An introduction to the four principles of explainable AI

Do you trust your artificial intelligence systems?

As computer science and AI development have continued to advance, complexity and decision-making processes have become more difficult to comprehend. This has raised concerns about the transparency, ethics, and accountability of AI systems.  

If you feel like your AI tools are a work colleague you’ll never understand (like Greg from IT), the field of explainable artificial intelligence (XAI) is here to help. With a market forecast of $21 billion by 2030, explainable AI technology will be pivotal to bringing transparency to the machinations of computer minds. 

Explainable AI…explained 

Explainable AI refers to the development and implementation of AI systems that provide clear types of explanation for their decision-making processes and machine-learning-algorithm output. The goal is complete insight into how the robot thought through its problem solving. IBM sums this up as “a methodology for the large-scale implementation of AI methods in real organizations with fairness, model explainability and accountability.”

Right now, black-box models are a major issue in the AI-application world. When the decision-making process of an AI system is not easily understandable by humans, that’s an alarming situation, to say the least. From our human perspective, it should be relatively easy to know why a decision was made during AI work.

A lack of transparency can lead to issues with trust, as end users may be understandably hesitant to rely on a system when they don’t understand how it works. Plus, ethical and legal issues can arise when an AI-based system is making biased or unfair decisions.

Explainable AI systems aim to solve the black-box problem by providing insights into the inner workings of AI models. This can be achieved through various methods, such as visualizations of the decision-making process, or through techniques that simplify the model’s computations without sacrificing accuracy. 

The four explainable AI principles

Data-science experts at the National Institute of Standards and Technology (NIST) have identified four principles of explainable artificial intelligence.

At its core, they say, explainable AI is governed by these concepts: 


The primary principle is that AI systems should be able to provide clear explanations for their actions. No “Umm…” or “Well, it’s kind of like…” allowed. This involves elaborating on how they process data, make decisions, and arrive at specific outcomes. 
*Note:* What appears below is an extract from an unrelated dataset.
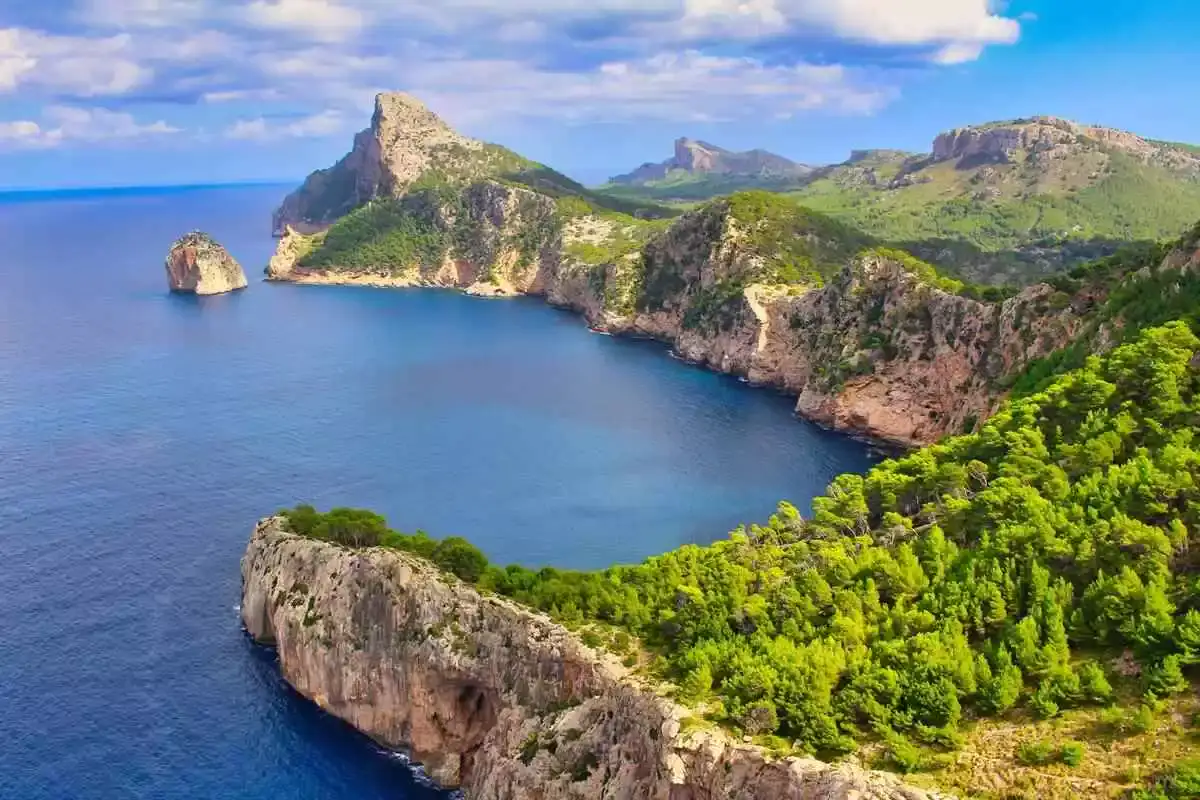 Rugged Mallorcan coastline with pines and steep cliffs by the sea.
For example, a machine learning model used for credit scoring should be able to explain why it rejected or approved a certain application. In this scenario, it needs to highlight how vital factors like credit history or income level were to its conclusion. 


The explanations provided by AI systems need to be understandable and meaningful to humans, especially non-experts. Convoluted, technical jargon won’t help a user understand why a certain decision was made. It will just lead to more confusion and lack of trust. 

For example, the healthcare sector is famous for its technobabble (just watch Grey’s Anatomy). If an AI system is used for diagnosing diseases, it should present its findings in a way that both doctors and patients can understand, focusing on key factors that led to its diagnosis (such as high blood pressure or being obese). Otherwise, doctors can’t confidently prescribe appropriate treatment, and the consequences could be severe. 

Explanation accuracy 

Yes, AI systems must provide explanations. And it’s equally important for these explanations to be accurate. But how can Roberta the Robot ensure that her explanations are, indeed, accurate? 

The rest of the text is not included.